*** Begin section ***

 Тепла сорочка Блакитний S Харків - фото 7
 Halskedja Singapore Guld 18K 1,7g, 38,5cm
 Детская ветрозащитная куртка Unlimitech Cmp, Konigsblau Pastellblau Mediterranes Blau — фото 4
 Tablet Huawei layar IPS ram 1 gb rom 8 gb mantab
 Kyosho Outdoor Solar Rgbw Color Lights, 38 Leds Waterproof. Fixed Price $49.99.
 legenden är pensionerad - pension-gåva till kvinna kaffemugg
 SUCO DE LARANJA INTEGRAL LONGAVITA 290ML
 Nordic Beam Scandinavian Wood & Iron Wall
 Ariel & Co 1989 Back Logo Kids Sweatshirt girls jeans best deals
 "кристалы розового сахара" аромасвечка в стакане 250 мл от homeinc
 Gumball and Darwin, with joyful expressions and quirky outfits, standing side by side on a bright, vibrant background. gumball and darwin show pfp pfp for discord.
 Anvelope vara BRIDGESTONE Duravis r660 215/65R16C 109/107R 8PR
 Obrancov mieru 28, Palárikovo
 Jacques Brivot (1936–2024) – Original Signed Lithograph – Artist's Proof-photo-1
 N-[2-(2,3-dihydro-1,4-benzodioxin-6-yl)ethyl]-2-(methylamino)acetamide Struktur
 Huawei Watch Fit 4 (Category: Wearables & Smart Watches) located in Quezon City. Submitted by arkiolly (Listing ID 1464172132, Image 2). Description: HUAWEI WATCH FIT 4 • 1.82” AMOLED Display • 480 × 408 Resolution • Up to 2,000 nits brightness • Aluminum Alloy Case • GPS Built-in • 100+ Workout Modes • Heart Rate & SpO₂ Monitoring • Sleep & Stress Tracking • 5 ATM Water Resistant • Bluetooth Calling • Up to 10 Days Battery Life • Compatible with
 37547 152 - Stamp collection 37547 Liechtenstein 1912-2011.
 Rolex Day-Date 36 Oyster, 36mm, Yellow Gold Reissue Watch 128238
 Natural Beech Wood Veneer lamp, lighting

*** End section ***

- **What the task requires**
Write out the line containing "Nordic Beam Scandinavian Wood & Iron Wall" and every line after it through the end of the entries. Keep each one exactly as it is, and add nothing.

- **Answer below**
 Nordic Beam Scandinavian Wood & Iron Wall
 Ariel & Co 1989 Back Logo Kids Sweatshirt girls jeans best deals
 "кристалы розового сахара" аромасвечка в стакане 250 мл от homeinc
 Gumball and Darwin, with joyful expressions and quirky outfits, standing side by side on a bright, vibrant background. gumball and darwin show pfp pfp for discord.
 Anvelope vara BRIDGESTONE Duravis r660 215/65R16C 109/107R 8PR
 Obrancov mieru 28, Palárikovo
 Jacques Brivot (1936–2024) – Original Signed Lithograph – Artist's Proof-photo-1
 N-[2-(2,3-dihydro-1,4-benzodioxin-6-yl)ethyl]-2-(methylamino)acetamide Struktur
 Huawei Watch Fit 4 (Category: Wearables & Smart Watches) located in Quezon City. Submitted by arkiolly (Listing ID 1464172132, Image 2). Description: HUAWEI WATCH FIT 4 • 1.82” AMOLED Display • 480 × 408 Resolution • Up to 2,000 nits brightness • Aluminum Alloy Case • GPS Built-in • 100+ Workout Modes • Heart Rate & SpO₂ Monitoring • Sleep & Stress Tracking • 5 ATM Water Resistant • Bluetooth Calling • Up to 10 Days Battery Life • Compatible with
 37547 152 - Stamp collection 37547 Liechtenstein 1912-2011.
 Rolex Day-Date 36 Oyster, 36mm, Yellow Gold Reissue Watch 128238
 Natural Beech Wood Veneer lamp, lighting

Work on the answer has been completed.